Vous, avoir le trac ?
Anne-Catherine Gillet : « Si je vous assure. Le matin je me lève en me disant que tout compte fait je vais tout arrêter, commencer une vie normale, ouvrir un salon de thé à Namur, avoir les horaires de tout le monde, une vie de famille tranquille. Et tout cela à cause du trac. Je souffre tellement du trac que je préfère les représentations en matinée aux soirées. On a pas le temps de trop penser entre le réveil et l’entrée en scène. Mais évidemment, dés que je suis devant le public, le trac disparaît, il faudrait probablement que je ne quitte jamais les planches ».

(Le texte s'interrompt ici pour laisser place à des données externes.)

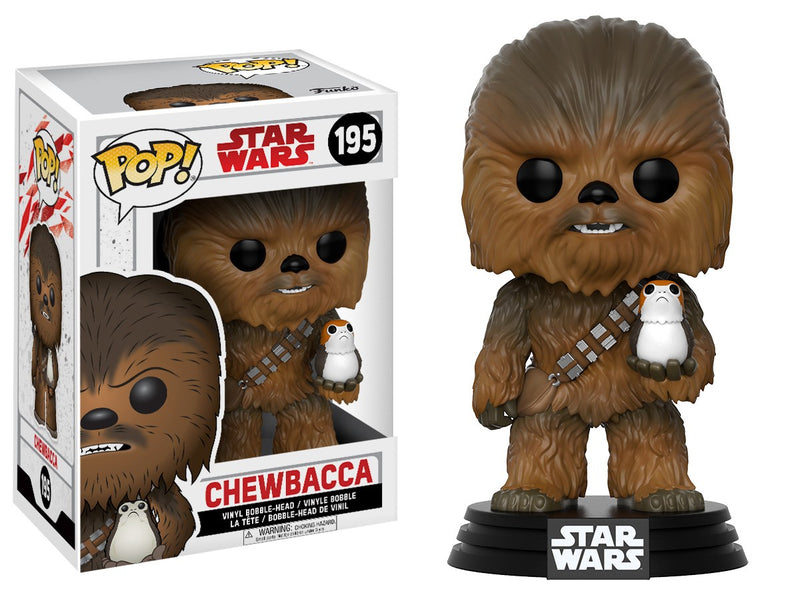 Chewbacca (w/Porgs) 195 - Star Wars - Funko Pop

En vous entendant en Despina, la vraie Despina, pas celle qu’on confie à des soprano trop légères qui pérorent en voix de tête, une Despina au soprano assis, avec du médium et du caractère, donc en vous entendant en Despina, je pensais que vous pourriez sans problème passer directement à la Comtesse des Noces de Figaro en zappant Suzanne….

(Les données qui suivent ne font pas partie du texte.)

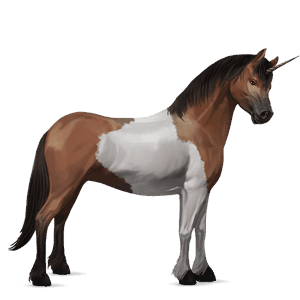 unicornio poni welsh gris claro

Anne-Catherine Gillet : « Je ne crois pas ».
Mais enfin, c’est évident, vous allez vers les grands rôles lyriques comme vous le prédisait Isabel Garcizans….
Anne-Catherine Gillet : « Tout cela est plus complexe. Au début de ma carrière j’étais obsédé par mes aigus. Il y a une véritable jouissance, vous savez, à cultiver ses aigus. C‘est enivrant. Et maintenant cela m’a passé. En fait je ne pense pas à ce qu’est ma voix, je ne me projette pas non plus dans des rôles. Vous voyez, je ne vais pas me dire dans cinq ans je chanterais tel rôle….D’ailleurs on me propose des rôles et si je me sens prête j’accepte. C’est l’occasion de découvertes que j’aurais pu manquer en me fixant moi même les emplois pour lesquels je me serais cru taillée. Comme cela j’ai pu découvrir les opéras de Jean-Michel Damase, en acceptant le rôle titre de l’Héritière que me proposait Renée Auphan qui en avait été la créatrice ; non, plutôt que la tessiture, c’est le caractère du personnage qui m’intéresse d’abord. Je pourrais peut-être chanter la Comtesse, mais sa placidité, sa douceur, le ton très serein de son personnage ne me conviennent pas ».

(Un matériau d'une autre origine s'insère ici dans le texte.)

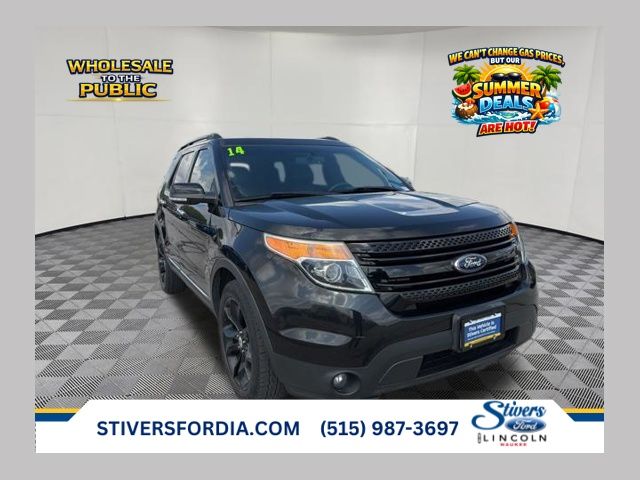 Tuxedo Black Metallic 2014 Ford Explorer XLT 4WD SUV / Crossover All-Wheel Drive 6-Speed Automatic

Mais Mélisande vous interpelle….
Anne-Catherine Gillet : « C’est une personnage plus complexe, avec beaucoup de zone d’ombres, des drames, des questionnements. Comment peut-on lui résister ».
Avez-vous songer au récital ?
Anne-Catherine Gillet : « Oui, mais encore une fois c’est la scène qui est ma vie ».
Des projets discographiques ?
Anne-Catherine Gillet : « Aucun, je ne m’en occupe pas, j’ai trop à donner au théâtre ».
Des captations en DVD finiront bien par illustrer vos rôles.
Anne-Catherine Gillet : « Qui sait ».
Entretien réalisé par Jean-Charles Hoffelé à Toulouse, Foyer du Théâtre du Capitole, le 25 février 2006.